HOW TO COMPLETE THIS TASK: Word for word, retype the lines from the one containing "Ziyaa Black Printed Crepe Kurta Ziyaa" to the one containing "Brave Pilot Bear with His Biplane" below, keeping both end lines and dropping the pictures.

START DATA FOR THE TASK

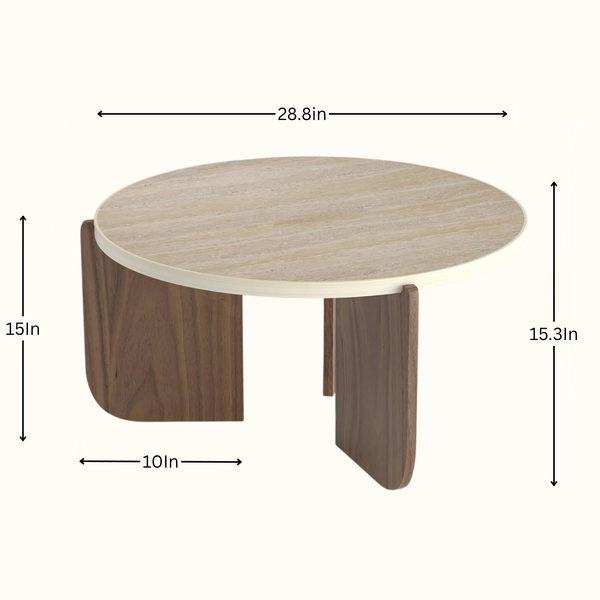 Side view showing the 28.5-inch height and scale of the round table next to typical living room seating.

END DATA FOR THE TASK
START DATA FOR THE TASK

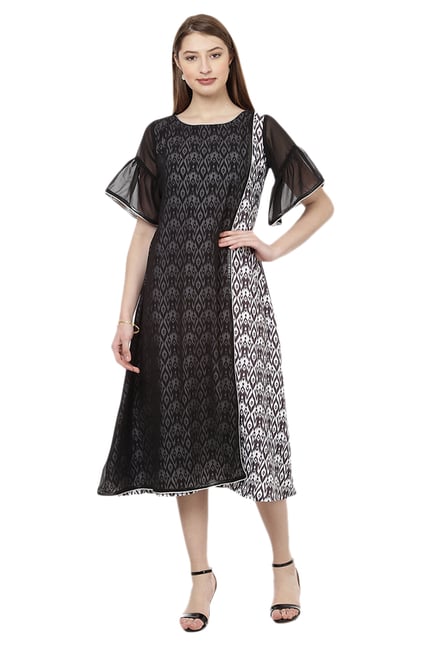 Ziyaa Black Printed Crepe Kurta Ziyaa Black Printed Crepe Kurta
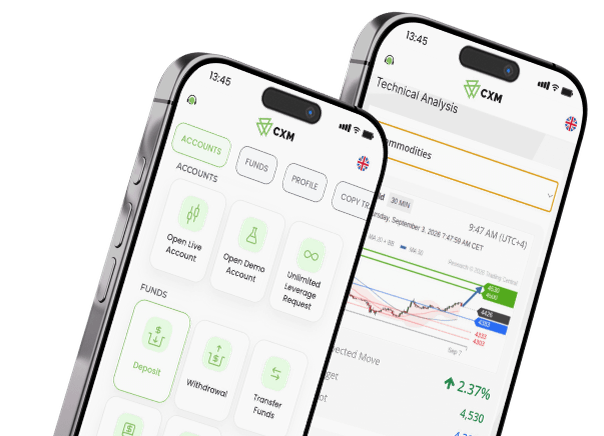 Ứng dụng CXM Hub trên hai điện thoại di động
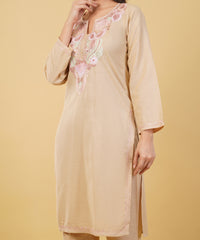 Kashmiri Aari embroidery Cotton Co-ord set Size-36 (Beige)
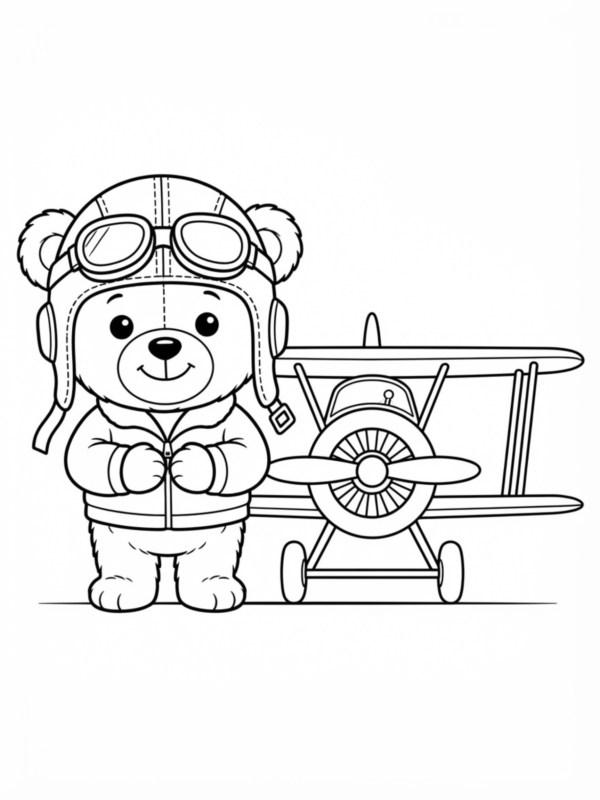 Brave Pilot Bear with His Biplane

END DATA FOR THE TASK

EXPECTED OUTPUT:
 Ziyaa Black Printed Crepe Kurta Ziyaa Black Printed Crepe Kurta
 Ứng dụng CXM Hub trên hai điện thoại di động
 Kashmiri Aari embroidery Cotton Co-ord set Size-36 (Beige)
 Brave Pilot Bear with His Biplane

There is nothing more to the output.